Implementing RoShamBo AI in python

There is a Nash equilibrium for RoShamBo game - just make your moves random and you can't statistically lose. But many people and bots in competitions don't play random. And that means we can try beating them if we exploit their non-randomness.

Let's make a bot for http://www.rpscontest.com. You can play with it here or read the complete source code there.
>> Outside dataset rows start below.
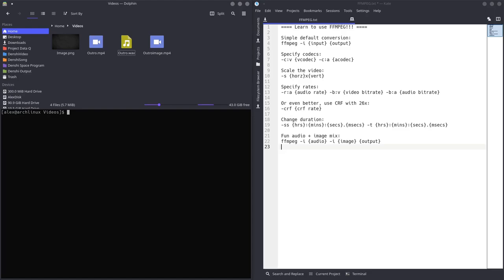If you need to deal with something like NVIDIA encoding, you can do, obviously, NVENC, HEVC underscore NVENC. That's another codec you can use, but it's fast, but it isn't as precise because GPUs aren't perfect processors when it comes to video and the file sizes will be larger and it won't be as high quality video. But yeah, that's pretty much it. Thanks for watching my video. Goodbye.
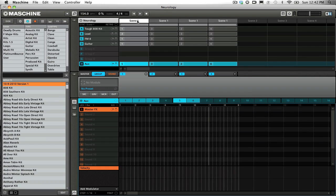Machine does not have a master effects automation lane, so in order to write master effects automation we need to use a sound in Machine to act as the master bus.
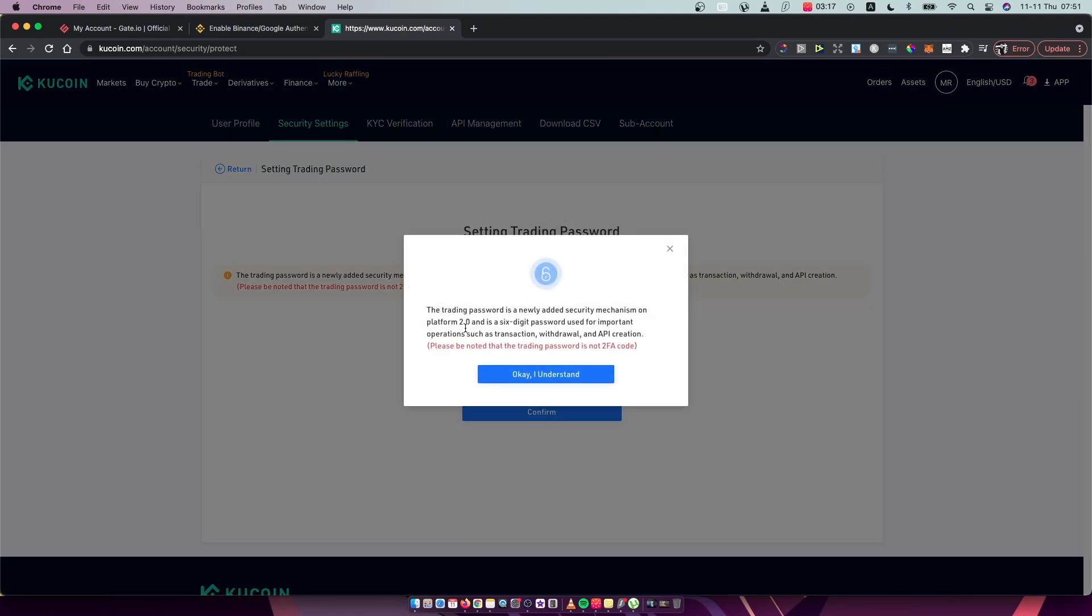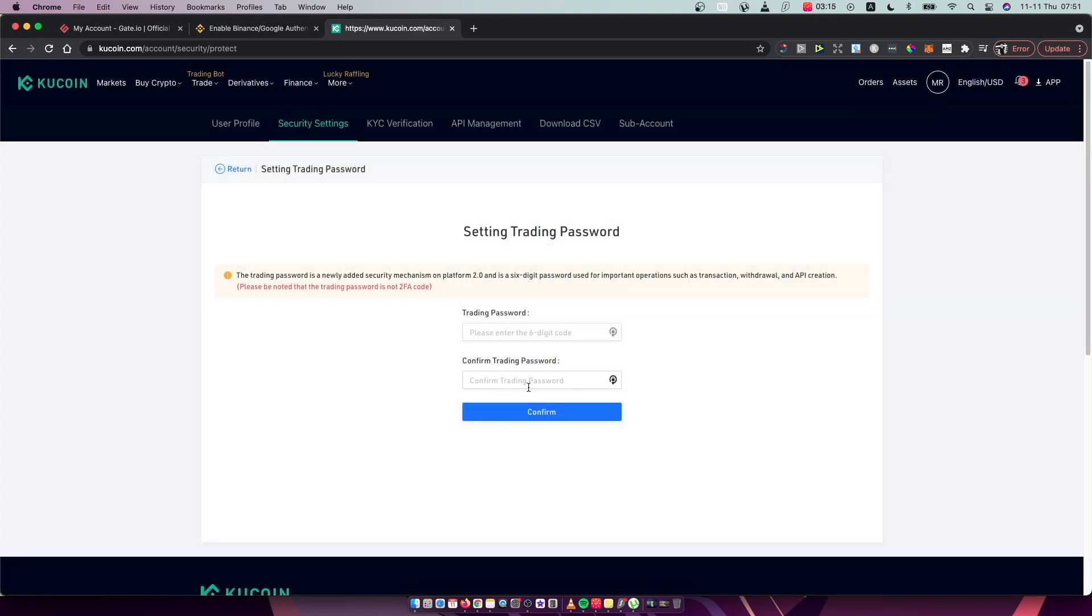Right, and as you can see here, I understand, and basically as you can see here, you need to put your trading password here and it should be all digits and only a six-digit password.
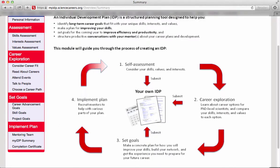In the last video, we talked about how to compile a dataset about your skills, interests, and values. In this video, I'll talk about how to use your self-assessment information to begin the process of considering your career options.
The tournament has a simple API - you get the last move of your opponent via input global variable and make your move via output in the form of 'R', 'P' or 'S'. If the input is empty string, that's the first round and you can use that for initialisation. So, in the global scope we have:

    if input == '':
        tp = treePredictor()
        output = tp.predict()    
    else:
        tp.store(input)
        output = tp.predict()

Let's assume that the opponent move depends on the result of his previous move. For example, if he played 'R'(rock) and lost to paper - next time he'll prefer to play scissors to beat the paper, and if he wins - he'll repeat stone. Other players might prefer to change the move after the victory, but repeat the same after tie.

To make the accounting simplier we need a concept of roll. Roll for 0 transforms rock to rock, paper to paper, etc. Roll to 1 transforms rock to paper, paper to scissors, scissors to rock. And roll to 2 transforms rock to scissors, paper to rock and scissors to paper. Interestingly, roll 1 for any move gives you what beats that move, and roll 2 - what is beaten by that move.

So, we have 3 results(win, lose, tie) and 3 rolls and we want to count how often the opponents next move is a result of each roll from his previous move after each result. That gives us a 3*3 matrix of integer counts.

Here is how the method store would look:

    def store(self, c):

        i1 = self.choices.index(c)

        if not (self.prevchoice is None or self.prevres is None):
            roll = self.getRollbyInd(self.prevchoice, i1)
            for i in range(3):
                for j in range(3):
                    self.dataarr[i][j]*=0.9
            self.dataarr[self.prevres][roll]+=1


        self.prevchoice = i1
        self.prevres = self.gameRes(c,self.prevmove)

self.dataarr - is our 3*3 statistics array.

Note that on each iteration we multiply the whole array to 0.9 - that discounts the older statistics relatively to more recent moves so we adopt to strategy change quicker.

Then we have to predict the opponent move based on the statistics. We'll make a weighted random choice of the predicted move where weights are the numbers of time the opponent made each roll to decide a next move. And make a move that would beat the move we've predicted.

    def predict(self):
        if self.prevchoice is None or self.prevres is None:
            ret= self.choices[randint(0,2)]
            self.prevmove = ret
            return ret
        arr=self.dataarr[self.prevres]

        predictedroll = weighted_choice([0,1,2], arr)
        predictedchoice = self.rollInd(self.prevchoice, predictedroll)

        choice = self.beatMat[predictedchoice]

        self.prevmove = self.choices[choice]
        return self.choices[choice]

The bot is currently going relatively well in the tournament with a winrate of ~75% and I cannot easily beat it myself. There are bots that beat him in the tournament though - but still the result is interesting enough as we just use one very simple strategy. Another important thing - if the opponents moves doesn't really statistically depend on his previous moves results, our counts have almost equal values and we essentially play random, so our play cannot be exploited and we guarantee a statistical tie.